== ASSIGNMENT ==
Copy out the entire listing, keeping each line exactly as it is.

== STUDY MATERIAL ==
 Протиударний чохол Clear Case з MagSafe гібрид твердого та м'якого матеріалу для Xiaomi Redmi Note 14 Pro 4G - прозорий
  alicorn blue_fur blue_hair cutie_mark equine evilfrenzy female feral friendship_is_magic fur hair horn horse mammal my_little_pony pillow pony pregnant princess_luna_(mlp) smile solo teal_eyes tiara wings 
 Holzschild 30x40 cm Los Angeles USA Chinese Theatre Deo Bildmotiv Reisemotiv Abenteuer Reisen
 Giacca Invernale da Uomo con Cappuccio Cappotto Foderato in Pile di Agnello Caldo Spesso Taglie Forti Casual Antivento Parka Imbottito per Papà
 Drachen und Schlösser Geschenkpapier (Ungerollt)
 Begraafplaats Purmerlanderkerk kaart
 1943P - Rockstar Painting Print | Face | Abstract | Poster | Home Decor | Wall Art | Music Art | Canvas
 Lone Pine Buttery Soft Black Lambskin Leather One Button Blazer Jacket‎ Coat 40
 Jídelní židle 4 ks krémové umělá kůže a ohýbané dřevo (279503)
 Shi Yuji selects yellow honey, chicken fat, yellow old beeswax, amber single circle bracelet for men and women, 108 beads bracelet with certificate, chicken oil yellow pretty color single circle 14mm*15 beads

== EXERCISE SOLUTION ==
 Протиударний чохол Clear Case з MagSafe гібрид твердого та м'якого матеріалу для Xiaomi Redmi Note 14 Pro 4G - прозорий
  alicorn blue_fur blue_hair cutie_mark equine evilfrenzy female feral friendship_is_magic fur hair horn horse mammal my_little_pony pillow pony pregnant princess_luna_(mlp) smile solo teal_eyes tiara wings 
 Holzschild 30x40 cm Los Angeles USA Chinese Theatre Deo Bildmotiv Reisemotiv Abenteuer Reisen
 Giacca Invernale da Uomo con Cappuccio Cappotto Foderato in Pile di Agnello Caldo Spesso Taglie Forti Casual Antivento Parka Imbottito per Papà
 Drachen und Schlösser Geschenkpapier (Ungerollt)
 Begraafplaats Purmerlanderkerk kaart
 1943P - Rockstar Painting Print | Face | Abstract | Poster | Home Decor | Wall Art | Music Art | Canvas
 Lone Pine Buttery Soft Black Lambskin Leather One Button Blazer Jacket‎ Coat 40
 Jídelní židle 4 ks krémové umělá kůže a ohýbané dřevo (279503)
 Shi Yuji selects yellow honey, chicken fat, yellow old beeswax, amber single circle bracelet for men and women, 108 beads bracelet with certificate, chicken oil yellow pretty color single circle 14mm*15 beads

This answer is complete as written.